# Deuteron Ground State / Perturbation Theory

1. Sep 25, 2012

### EEWannabe

1. The problem statement, all variables and given/known data
The deuteron ground state is made up of l = 0 and l = 2 states;
a)Show this mixture cannot be an eigenstate of a central potential Hamiltonian
b)Using first-order time independent perturbation theory, argue the potential must contain a term proportional to some combination of Y2m for this mixing to be possible.
c) However Y2m are not scalars, they're components of rank 2 tensors. The Hamiltonian must be a scalar so how can one construct a perturbation that is a scalar yet contain this rank 2 tensor?

2. Relevant equations

$H = (\frac{p^{2}}{2m} + V(r))$
$\psi_{total} = c\psi_{l=0} + d\psi_{l=2}$
$\psi_{l=0} = \frac{u_{0}(r)}{r} Y_{0m}$
$\psi_{l=2} = \frac{u_{2}(r)}{r} Y_{2m}$

3. The attempt at a solution

a) Since r is the same for both of them the fact that $H \psi = E \psi$, this implies that

$\frac{p^{2}}{2m}c \psi_{l=0} + \frac{p^{2}}{2m}c \psi_{l=2} = D (c \psi_{l=0} + d \psi_{l=2}) = (E - V(r))(c \psi_{l=0} + d \psi_{l=2})$

where D is a constant, however this is not true as as the two psi functions are not of the same form, hence they are not an eigenstate if the potential is constant.

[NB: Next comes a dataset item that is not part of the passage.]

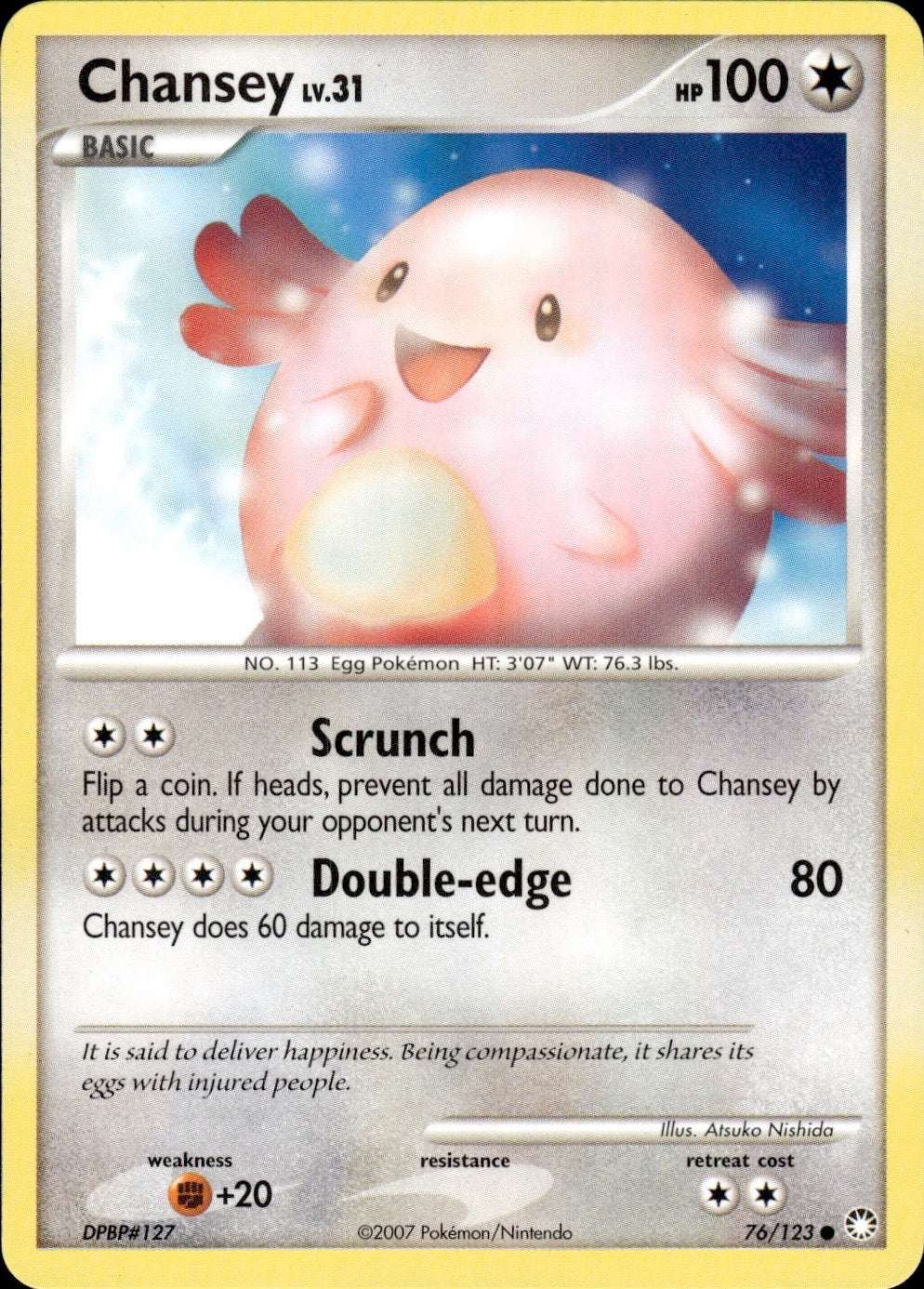 Chansey 76/123 Common Mysterious Treasures Pokemon Lightly Played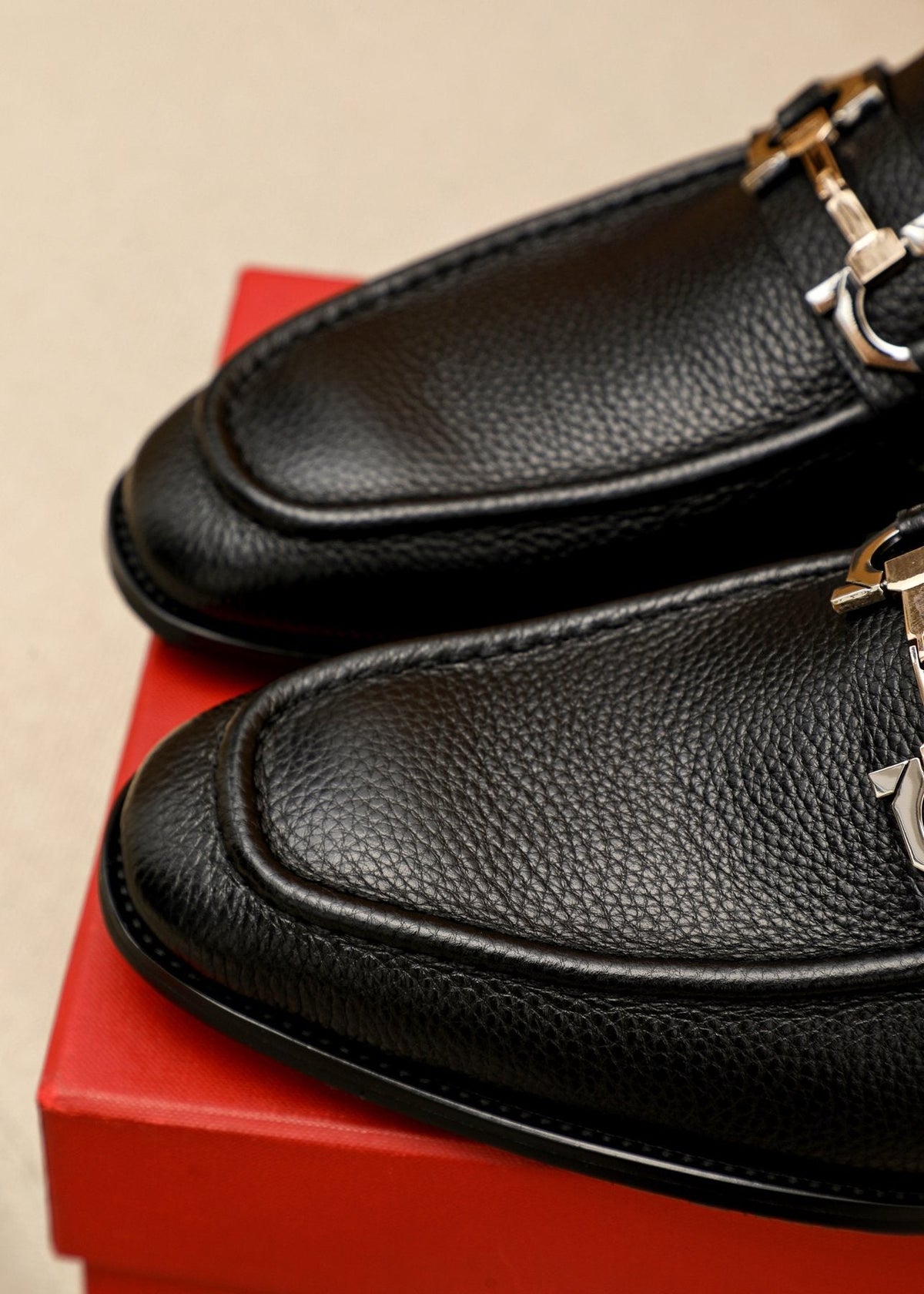 Black Pebble-Textured Bit Loafers — detail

b) I'm really stuck on this bit, i'm not really very familiar with time independant pertubation theory but i've been trying to teach myself, so I let the hamiltonian equal sometime of the form;

$H_{new} = H_{0} + V$

I've tried playing around with the algebra trying to figure out why V(r) would be proportional to Y2m but i'm really stuck, and I can't envisage why it'd be proportional to Y2m but not Y0m anyway.

I'm sorry but I really don't know where to go, if anyone could point me in the right direction that'd be great thanks.